January 22, 2019 — Product News
The Greenbyte recipe for Artificial Intelligence – Part three: Predict implementation and where we go from here
This article series intends to explain how we at Greenbyte use Artificial Intelligence to provide deep insights for operators of wind and solar assets. In part one, we reminisced about the journey that got us to where we are today. In part two, we described how we make our AI services available 24/7, continuously updated, and constantly expanding with our CI/CD pipeline. In this article, part three, we describe our experience from Greenbyte’s first AI offering and discuss upcoming improvements.
Head of Research, Greenbyte
Here and now
It has been a while since our last blog post on Greenbyte’s first AI powered offering, Predict. During this time we have been busy burning the midnight oil to make Predict more powerful and useful to our customers. Today, we intend to share the experience and feedback that we have gathered up until now and discuss how Predict is evolving.
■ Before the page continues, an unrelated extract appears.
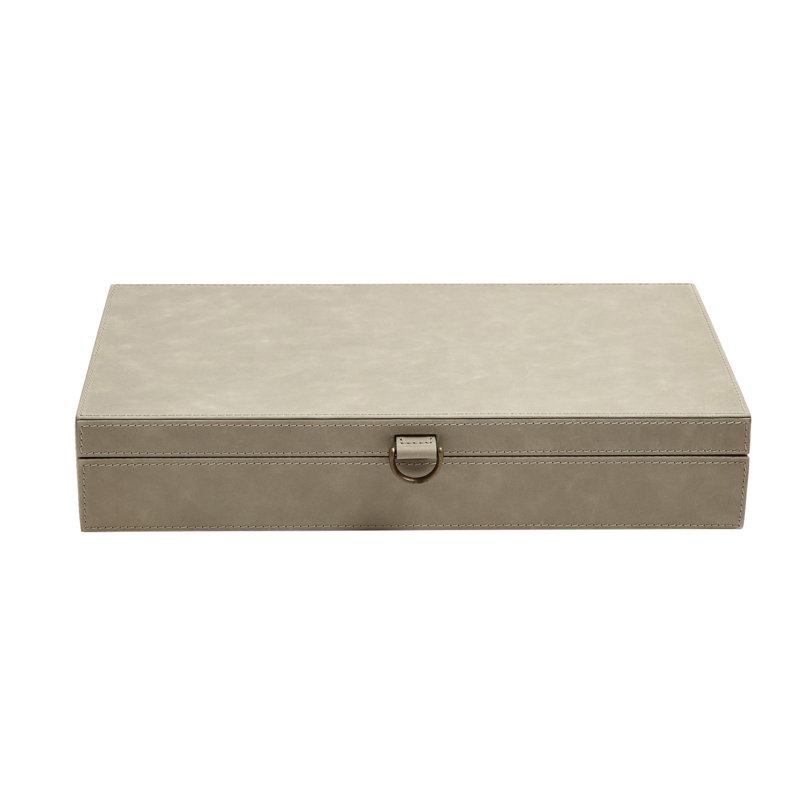 Boîte à bagues en cuir marbré, Gris clair, H 3,25 po x l 9 po x P 17 po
We in the Research team (The Dolphins) feel like the parents who talk about their child every opportunity they get. On April 1st, 2018 we had butterflies in our stomachs as our beloved child, Predict, left the comfort of the beta phase and stepped out in to the real world. Today, we are happy to say that Predict has detected 41 faults in various components and has registered an accuracy of 94%.
Before we go further, I would like to introduce Predict briefly, for the uninitiated. Predict is an analytics tool which enables early detection of failure in certain components in the wind turbine. Predict utilizes artificial neural networks, small computational brains, to detect anomalies in different temperatures in the turbine, which then point to developing failures in the turbine components.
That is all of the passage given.